R Graphical Manual

Browse All

Last data update: 2014.03.03

R: Large-Scale Optimization

spg	R Documentation

Large-Scale Optimization

Description

Spectral projected gradient method for large-scale optimization with simple constraints.

Usage

     spg(par, fn, gr=NULL, method=3, lower=-Inf, upper=Inf, 
           project=NULL, projectArgs=NULL, 
	   control=list(), quiet=FALSE, alertConvergence=TRUE, ...)

Arguments

`par`	A real vector argument to `fn`, indicating the initial guess for the optimization of nonlinear objective function `fn`.
`fn`	Nonlinear objective function that is to be optimized. A scalar function that takes a real vector as argument and returns a scalar that is the value of the function at that point (see details).
`gr`	The gradient of the objective function `fn` evaluated at the argument. This is a vector-function that takes a real vector as argument and returns a real vector of the same length. It defaults to "NULL", which means that gradient is evaluated numerically. Computations are dramatically faster in high-dimensional problems when the exact gradient is provided. See Example.
`method`	An integer (1, 2, or 3) specifying which Barzilai-Borwein steplength to use. The default is 3. See Details.
`upper`	An upper bound for box constraints.
`lower`	An lower bound for box constraints.
`project`	A projection function or character string indicating its name. The projection function takes a point in R^n and projects it onto a region that defines the constraints of the problem. This is a vector-function that takes a real vector as argument and returns a real vector of the same length. See Details. If a projection function is not supplied, arguments `lower` and `upper` will cause the use of an internally defined function that enforces the implied box constraints.
`projectArgs`	A list with arguments to the `project` function. See Details.
`control`	A list of control parameters. See Details.
`quiet`	A logical variable (TRUE/FALSE). If `TRUE` warnings and some additional information printing are suppressed. Default is `quiet = FALSE` Note that the `control` variable `trace` and `quiet` affect different printing, so if `trace` is not set to `FALSE` there will be considerable printed output.
`alertConvergence`	A logical variable. With the default `TRUE` a warning is issued if convergence is not obtained. When set to `FALSE` the warning is suppressed.
`...`	Additional arguments passed to `fn` and `gr`. (Both must accept any specified arguments, either explicitly or by having a ... argument, but they do not need to use them all.)

Details

R adaptation, with significant modifications, by Ravi Varadhan, Johns Hopkins University (March 25, 2008), from the original FORTRAN code of Birgin, Martinez, and Raydan (2001). The original is available at the TANGO project http://www.ime.usp.br/~egbirgin/tango/downloads.php

A major modification in our R adaptation of the original FORTRAN code is the availability of 3 different options for Barzilai-Borwein (BB) steplengths: method = 1 is the BB steplength used in Birgin, Martinez and Raydan (2000); method = 2 is the other steplength proposed in Barzilai and Borwein's (1988) original paper. Finally, method = 3, is a new steplength, which was first proposed in Varadhan and Roland (2008) for accelerating the EM algorithm. In fact, Varadhan and Roland (2008) considered 3 similar steplength schemes in their EM acceleration work. Here, we have chosen method = 3 as the "default" method. This method may be slightly slower than the other 2 BB steplength schemes, but it generally exhibited more reliable convergence to a better optimum in our experiments. We recommend that the user try the other steplength schemes if the default method does not perform well in their problem.

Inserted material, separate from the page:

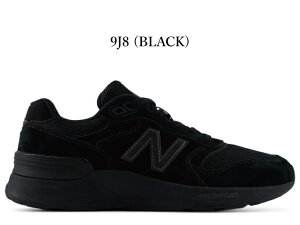 �j���[�o�����X �X�j�[�J�[ ���f�B�[�X 880 �t���b�V���t�H�[�� new balance Fresh Foam V7 W880 WW880 9J8 �u���b�N D 2E �����₷�� �����₷�� �I�ׂ镝 �C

Box constraints can be imposed by vectors lower and upper. Scalar values for lower and upper are expanded to apply to all parameters. The default lower is -Inf and upper is +Inf, which imply no constraints.

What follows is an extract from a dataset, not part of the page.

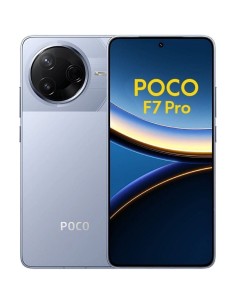 ph2POCO F7 Pro h2ulliFlagship Snapdragon 8 Gen 3 liliBateria enorme de 6000 mAh typ liliPantalla AMOLED Flow 2K de 120 Hz liliC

The project argument provides a way to implement more general constraints to be imposed on the parameters in spg. projectArgs is passed to the project function if one is specified. The first argument of any project function should be par and any other arguments should be passed using its argument projectArgs. To avoid confusion it is suggested that user defined project functions should not use arguments lower and upper.

The function projectLinear incorporates linear equalities and inequalities. This function also provides an example of how other projections might be implemented.

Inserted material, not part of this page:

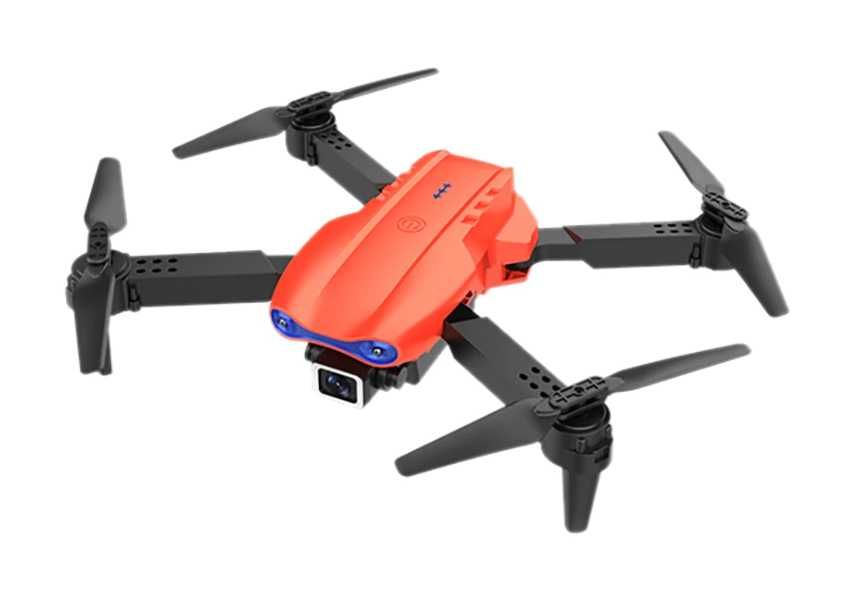 Dron Orange E99 pro 2 kamery 4K 3 baterie torba WiFi NOWY PL 24h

Argument control is a list specifing any changes to default values of algorithm control parameters. Note that the names of these must be specified completely. Partial matching will not work. The list items are as follows:

M: A positive integer, typically between 5-20, that controls the monotonicity of the algorithm. M=1 would enforce strict monotonicity in the reduction of L2-norm of fn, whereas larger values allow for more non-monotonicity. Global convergence under non-monotonicity is ensured by enforcing the Grippo-Lampariello-Lucidi condition (Grippo et al. 1986) in a non-monotone line-search algorithm. Values of M between 5 to 20 are generally good. The default is M = 10.
maxit: The maximum number of iterations. The default is maxit = 1500.
ftol: Convergence tolerance on the absolute change in objective function between successive iterations. Convergence is declared when the change is less than ftol. Default is ftol = 1.e-10.
gtol: Convergence tolerance on the infinity-norm of projected gradient gr evaluated at the current parameter. Convergence is declared when the infinity-norm of projected gradient is less than gtol. Default is gtol = 1.e-05.
maxfeval: Maximum limit on the number of function evaluations. Default is maxfeval = 10000.
maximize: A logical variable indicating whether the objective function is to be maximized. Default is maximize = FALSE indicating minimization. For maximization (e.g. log-likelihood maximization in statistical modeling), this may be set to TRUE.
trace: A logical variable (TRUE/FALSE). If TRUE, information on the progress of optimization is printed. Default is trace = TRUE.
triter: An integer that controls the frequency of tracing when trace=TRUE. Default is triter=10, which means that the objective fn and the infinity-norm of its projected gradient are printed at every 10-th iteration.
eps: A small positive increment used in the finite-difference approximation of gradient. Default is 1.e-07.
checkGrad: NULL or a logical variable TRUE/FALSE indicating whether to check the provided analytical gradient against a numerical approximation. With the default NULL the gradient is checked if it is estimated to take less than about ten seconds. A warning will be issued in the case it takes longer. The default can be overridden by specifying TRUE or FALSE. It is recommended that this be set to FALSE for high-dimensional problems, after making sure that the gradient is correctly specified, possibly by running once with TRUE specified.
checkGrad.tol: A small positive value use to compare the maximum relative difference between a user supplied gradient gr and the numerical approximation calculated by grad from package numDeriv. The default is 1.e-06. If this value is exceeded then an error message is issued, as it is a reasonable indication of a problem with the user supplied gr. The user can either fix the gr function, remove it so the finite-difference approximation is used, or increase the tolerance so the check passes.

Value

A list with the following components:

`par`	Parameters that optimize the nonlinear objective function, if convergence is successful.
`value`	The value of the objective function at termination.
`gradient`	L-infinity norm of the projected gradient of the objective function at termination. If convergence is successful, this should be less than `gtol`.
`fn.reduction`	Reduction in the value of the function from its initial value. This is negative in maximization.
`iter`	Number of iterations taken by the algorithm. The gradient is evaluated once each iteration, so the number of gradient evaluations will also be equal to `iter`, plus any evaluations necessary for `checkGrad`.
`feval`	Number of times the objective `fn` was evaluated.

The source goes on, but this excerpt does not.